[Records excerpted from a collection]
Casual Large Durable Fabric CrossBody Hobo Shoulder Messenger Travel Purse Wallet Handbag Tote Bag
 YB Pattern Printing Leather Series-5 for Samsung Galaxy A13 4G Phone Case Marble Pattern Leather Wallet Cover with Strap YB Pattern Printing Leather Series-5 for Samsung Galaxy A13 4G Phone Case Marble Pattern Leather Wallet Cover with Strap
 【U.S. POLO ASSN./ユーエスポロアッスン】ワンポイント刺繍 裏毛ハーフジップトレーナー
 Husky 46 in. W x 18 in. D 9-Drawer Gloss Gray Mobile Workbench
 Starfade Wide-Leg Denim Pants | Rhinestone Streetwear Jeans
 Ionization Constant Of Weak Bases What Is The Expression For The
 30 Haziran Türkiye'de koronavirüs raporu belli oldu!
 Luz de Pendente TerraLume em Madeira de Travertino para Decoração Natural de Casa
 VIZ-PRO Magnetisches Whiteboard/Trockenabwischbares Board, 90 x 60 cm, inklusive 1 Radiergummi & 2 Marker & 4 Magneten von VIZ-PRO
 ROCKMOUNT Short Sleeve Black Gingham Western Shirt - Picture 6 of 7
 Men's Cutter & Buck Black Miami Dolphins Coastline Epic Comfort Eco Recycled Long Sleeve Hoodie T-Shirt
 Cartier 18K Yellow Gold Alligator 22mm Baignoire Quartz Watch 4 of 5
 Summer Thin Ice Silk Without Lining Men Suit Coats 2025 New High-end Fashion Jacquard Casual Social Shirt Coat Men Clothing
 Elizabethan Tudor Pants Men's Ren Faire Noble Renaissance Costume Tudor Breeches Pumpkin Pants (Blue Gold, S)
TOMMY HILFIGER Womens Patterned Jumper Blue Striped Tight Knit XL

— EXERCISE DETAILS —
What is needed is an exact transcription of every entry.

— RESULT OF THE EXERCISE —
Casual Large Durable Fabric CrossBody Hobo Shoulder Messenger Travel Purse Wallet Handbag Tote Bag
 YB Pattern Printing Leather Series-5 for Samsung Galaxy A13 4G Phone Case Marble Pattern Leather Wallet Cover with Strap YB Pattern Printing Leather Series-5 for Samsung Galaxy A13 4G Phone Case Marble Pattern Leather Wallet Cover with Strap
 【U.S. POLO ASSN./ユーエスポロアッスン】ワンポイント刺繍 裏毛ハーフジップトレーナー
 Husky 46 in. W x 18 in. D 9-Drawer Gloss Gray Mobile Workbench
 Starfade Wide-Leg Denim Pants | Rhinestone Streetwear Jeans
 Ionization Constant Of Weak Bases What Is The Expression For The
 30 Haziran Türkiye'de koronavirüs raporu belli oldu!
 Luz de Pendente TerraLume em Madeira de Travertino para Decoração Natural de Casa
 VIZ-PRO Magnetisches Whiteboard/Trockenabwischbares Board, 90 x 60 cm, inklusive 1 Radiergummi & 2 Marker & 4 Magneten von VIZ-PRO
 ROCKMOUNT Short Sleeve Black Gingham Western Shirt - Picture 6 of 7
 Men's Cutter & Buck Black Miami Dolphins Coastline Epic Comfort Eco Recycled Long Sleeve Hoodie T-Shirt
 Cartier 18K Yellow Gold Alligator 22mm Baignoire Quartz Watch 4 of 5
 Summer Thin Ice Silk Without Lining Men Suit Coats 2025 New High-end Fashion Jacquard Casual Social Shirt Coat Men Clothing
 Elizabethan Tudor Pants Men's Ren Faire Noble Renaissance Costume Tudor Breeches Pumpkin Pants (Blue Gold, S)
TOMMY HILFIGER Womens Patterned Jumper Blue Striped Tight Knit XL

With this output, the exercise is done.